Jean-David Ciot, secrétaire fédéral des Bouches-du-Rhône, en 2011. | BERTRAND LANGLOIS / AFP

Manuel Valls n’est pas là, mais son sourire crispé s’affiche cinq fois sur les murs de ce café huppé d’Aix-en-Provence. Le comité de soutien à la campagne de l’ancien premier ministre a choisi l’ambiance cosy du bourgeois cours Mirabeau pour sa première réunion publique dans les Bouches-du-Rhône. Une cinquantaine de chaises en velours rouge pour à peine plus d’auditeurs, têtes blanches ou grises pour la plupart, venues écouter le long monologue de Christophe Caresche, député de Paris.
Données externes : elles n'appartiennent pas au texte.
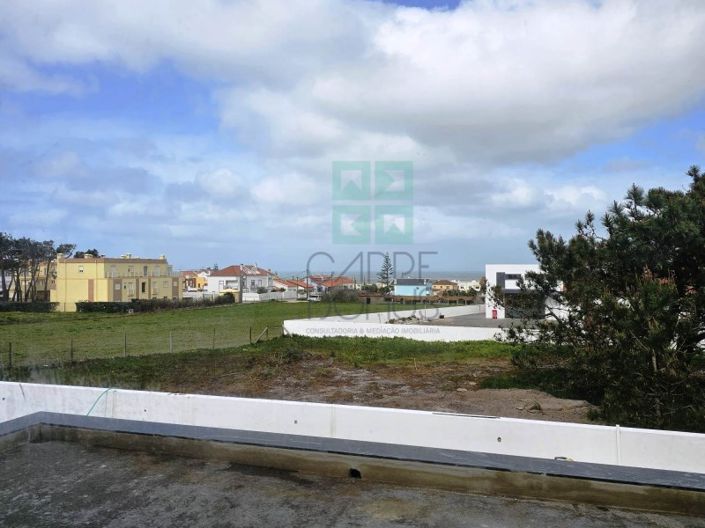 Image No.41-3 Bed House for sale
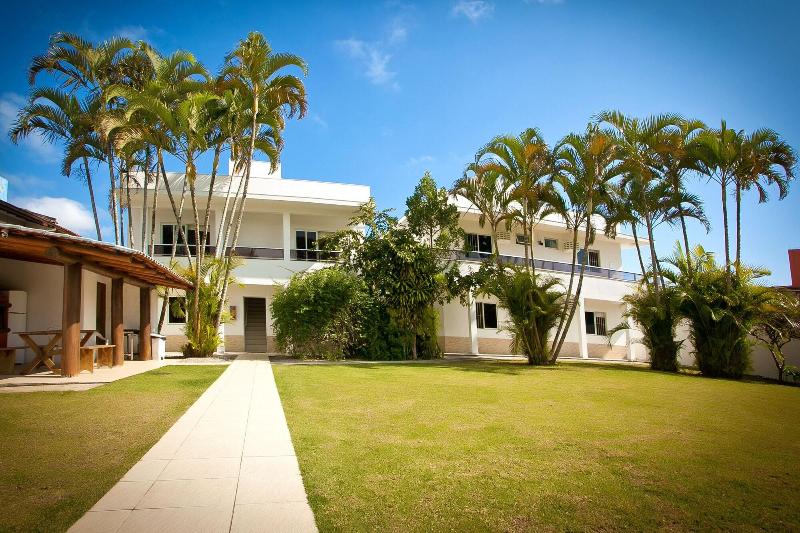 هتل Tropicanas Apart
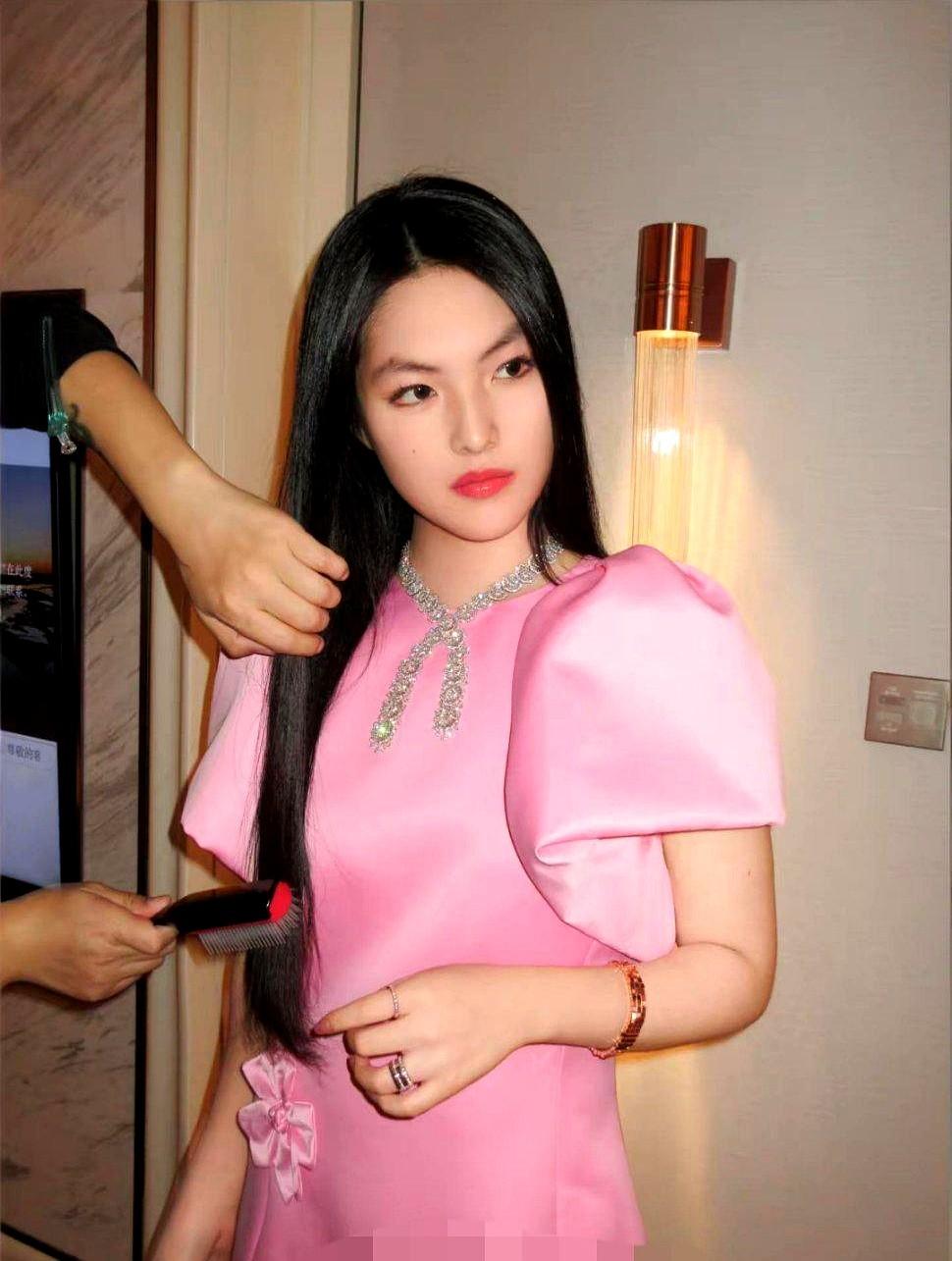 果然钱很养人！王诗龄小小年纪就已经有了贵妇感。李湘带着王诗龄和王岳伦站在一起拍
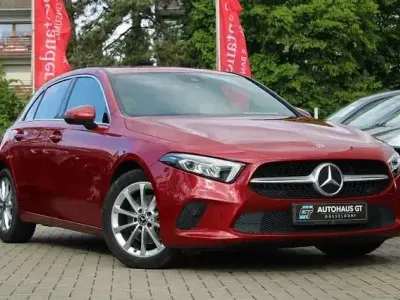 Gebraucht Mercedes A180 116 PS (85 kW) 2022 Rot Limousine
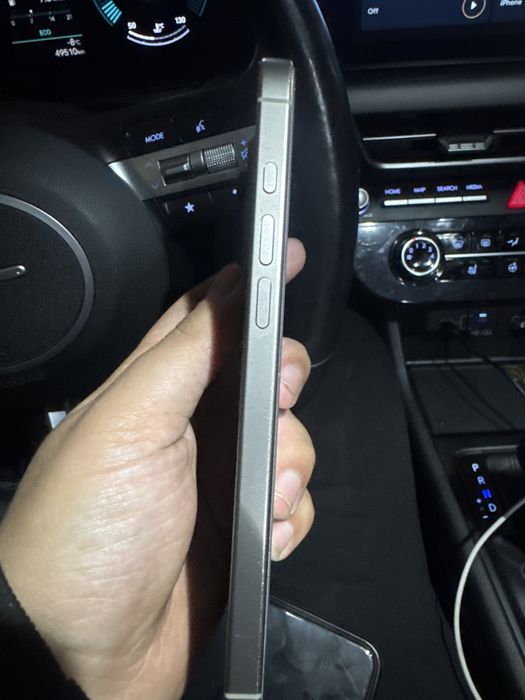 Продую срочна Айфон 16 про макс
Le parlementaire loue le « volontarisme » de Manuel Valls, sa « solidité », sa « stature d’homme d’Etat ». « Il a tenu la baraque dans un contexte très compliqué (...) Le cap était bon, mais on a tardé à mettre en forme », assure, sans convaincre, l’élu parisien. Au premier rang, une brochette d’élus locaux fait nombre. « On essaye d’animer la campagne, mais tout se jouera à la télé avec les débats », promet l’ancien président de Marseille Métropole, Eugène Caselli, assis à côté du conseiller départemental, Christophe Masse. « J’aurais aimé entendre dire ce soir qu’il faut libérer les énergies », regrette un militant dans la salle.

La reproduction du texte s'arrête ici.